鳴り響く緊急地震速報の警報音、絶叫するアナウンサー…。多くの人が心をかき乱す音とともに記憶する能登半島地震について、「耳が聞こえないので怖かった」という声が北日本新聞社に寄せられた。「聞こえない」人が抱える不安や必要な配慮について、富山県聴覚障害者協会業務執行理事の中橋道紀さん(県聴覚障害者センター施設長)に尋ねた。

 中橋さんによると、耳が不自由と言ってもコミュニケーション手段は手話や筆談、補聴器、人工内耳、口話など障害の程度によってさまざまで、「人によって適切な意思疎通の方法がある」と説明する。

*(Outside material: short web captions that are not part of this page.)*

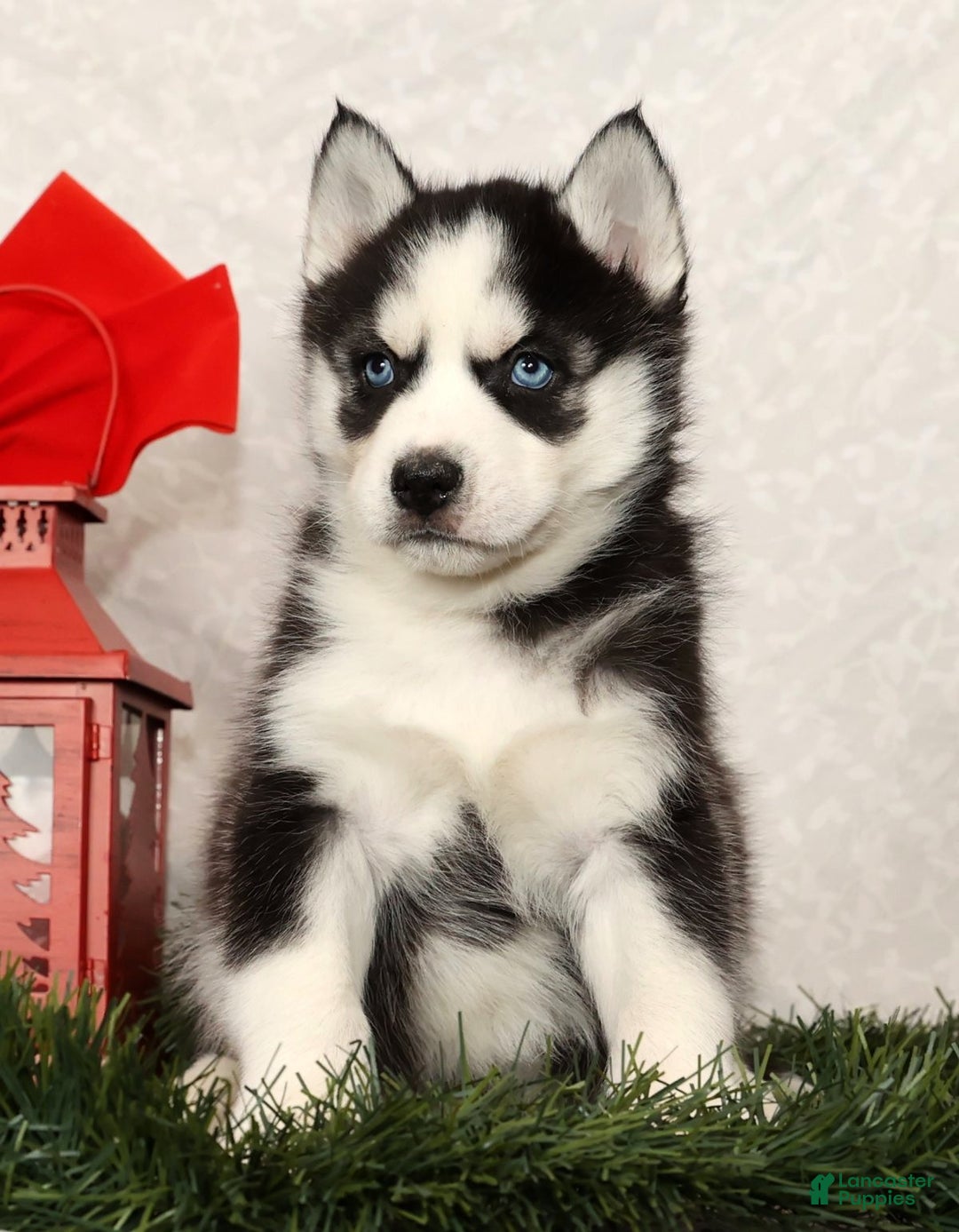 Siberian Husky dogs for sale: Rufus - Ad 3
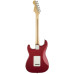 Fender Squier Standard Strat CAR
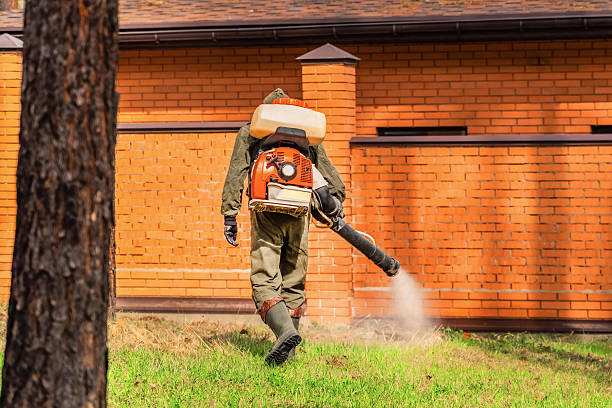 Trusted Rodent Control service in Shasta Lake, CA - Nex Pest Control
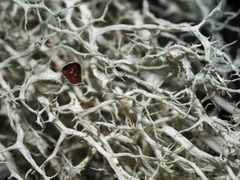 Evernia divaricata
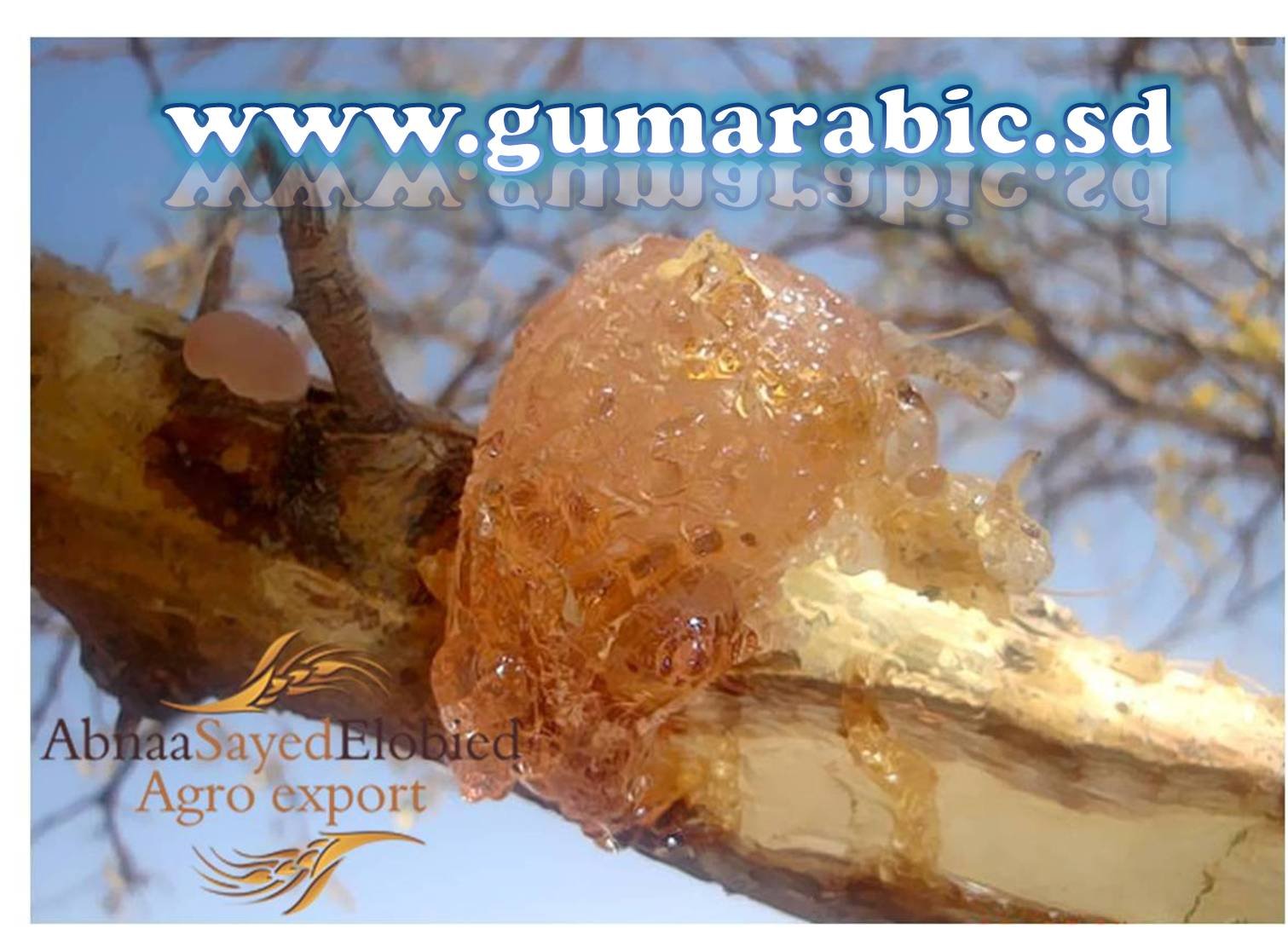  Arabic  Gum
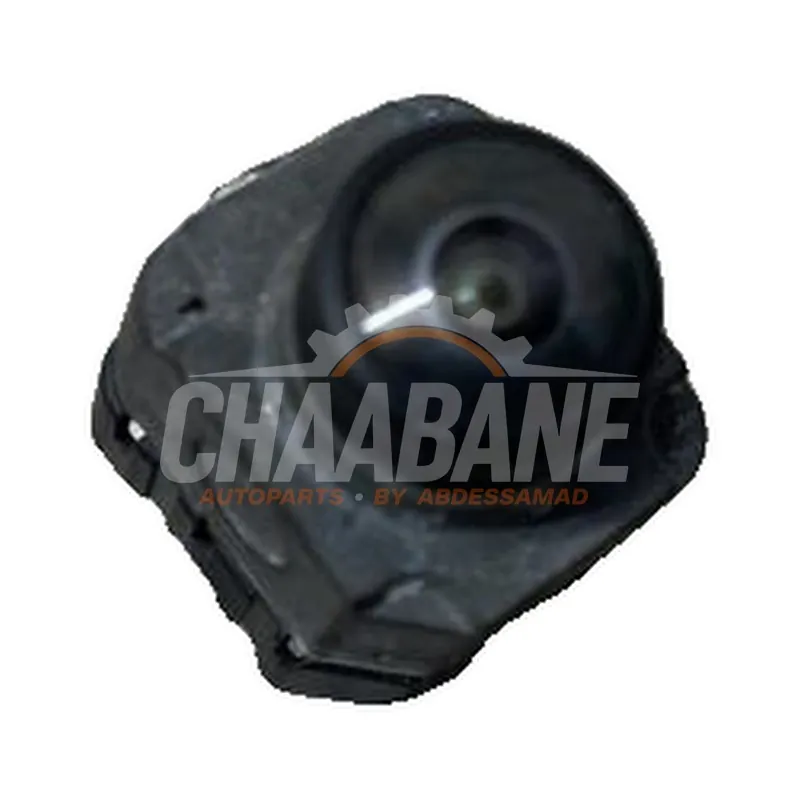 Camera avant Cupra Formentor 2.0 TSI 16V 4Drive 2020 5WA980546D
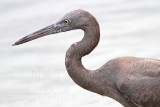 _MG_9450 Eastern Reef Egret.jpg
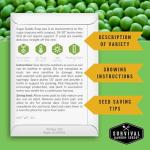 Oregon Sugar Pod II & Sugar Daddy Snap Pea Seeds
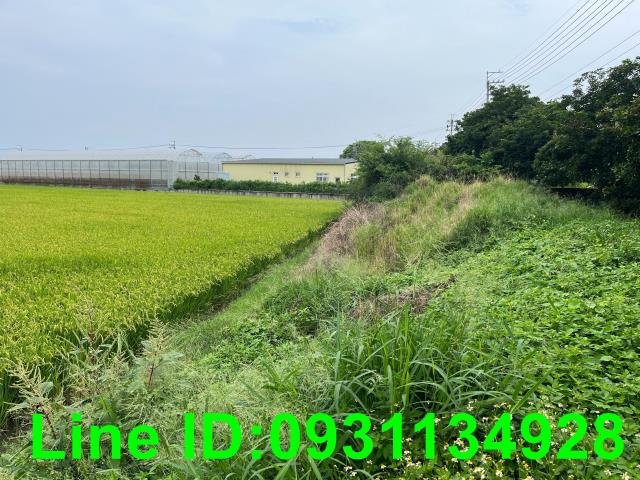 台中外埔農地-3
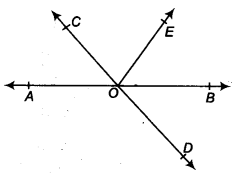 NCERT Solutions for Class 9 Maths Chapter 4 Lines ex1 1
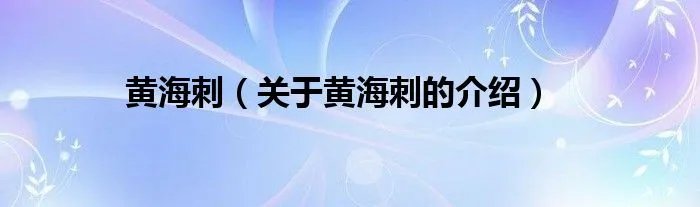 黄海刺（关于黄海刺的介绍）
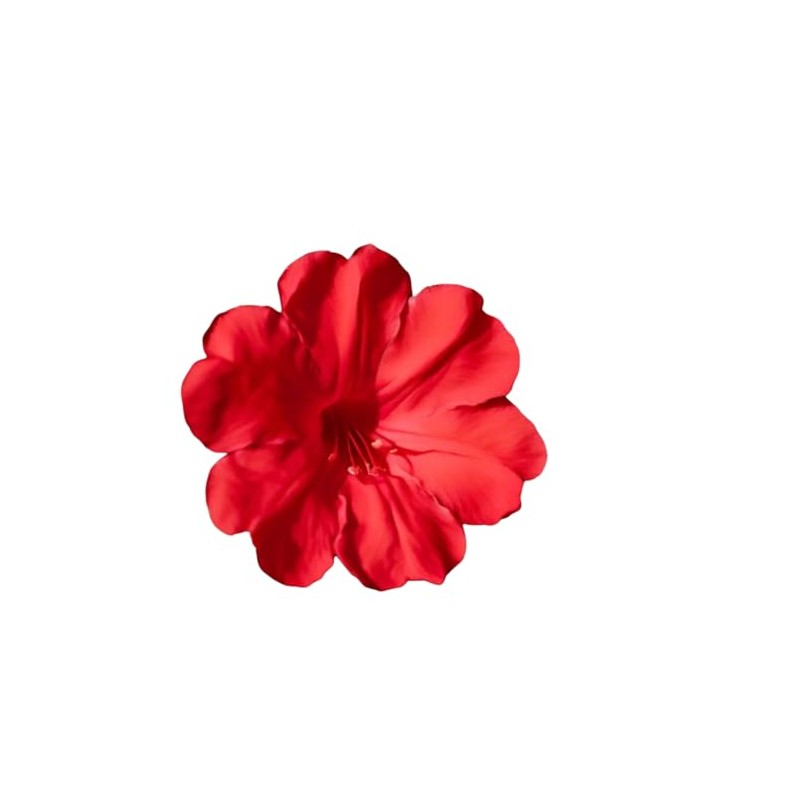 Red Four O'Clock Seeds - Mirabilis Jalapa - Heat and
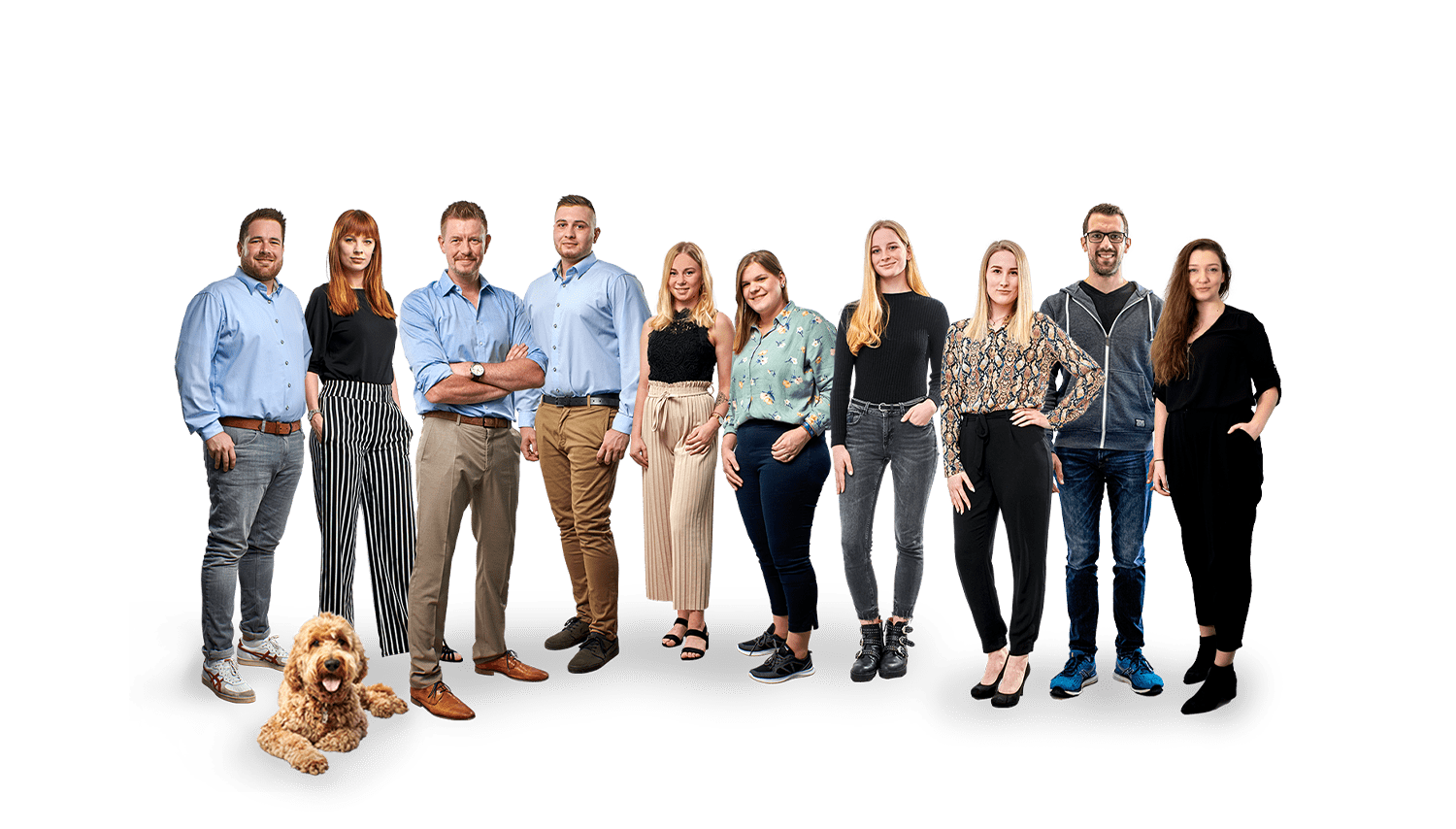 team bandf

 地震が発生すれば揺れを感じるため、耳が聞こえる人と同様に気付くことができる。「スマートフォンを持っていれば、バイブレーション機能で緊急地震速報を知ることも可能」と中橋さん。ただ津波については、1人でいる場合などは気付かない恐れもある。県聴覚障害者センターでは、地震発生後に職員がセンターに駆けつけ、海の近くの会員にファクスを送ったほか、県聴覚障害者協会の役員を通じて会員の安否確認を急いだ。

能登半島地震で会員の安否確認のため送ったファクス

 避難については、まず避難場所を知っているかなど一般的な防災対策が問われる。聴覚障害が壁になり、近隣住民や町内会との交流が乏しい場合は、避難の案内が来ない恐れもある。

みんなといても孤独に

 地震後の会員の行動を確認したところ、近所の人と一緒に避難した人がいる一方で、悩んだ末に自宅にとどまった人や、家の近くの避難所ではなく知人が避難している場所に合流した人もいた。1人で避難所に行っても情報を得ることが難しいことが背景にある。中橋さんは「耳が聞こえる人なら、館内放送や周囲の人の声を通じて、それほど意識しなくても情報が入ってくるが、聞こえないとみんなの中にいても孤独になりやすい」と説明する。

アイ・ドラゴン4を活用し、能登半島地震関連の情報が映し出されたテレビと中橋さん

 プラカードやホワイトボードを活用した情報伝達に加えて、中橋さんが推奨するのは聴覚障害者向けの「目で聴くテレビ」専用受信機「アイ・ドラゴン4」の設置。手話と字幕の番組を視聴することができ、災害時には緊急ニュースを手話通訳で伝えるが、県内の避難所での導入は進んでいない。中橋さんは「1台用意しておいて、必要な人がいる避難所に持ち運んで設置する方法もある」と柔軟な運用を提案する。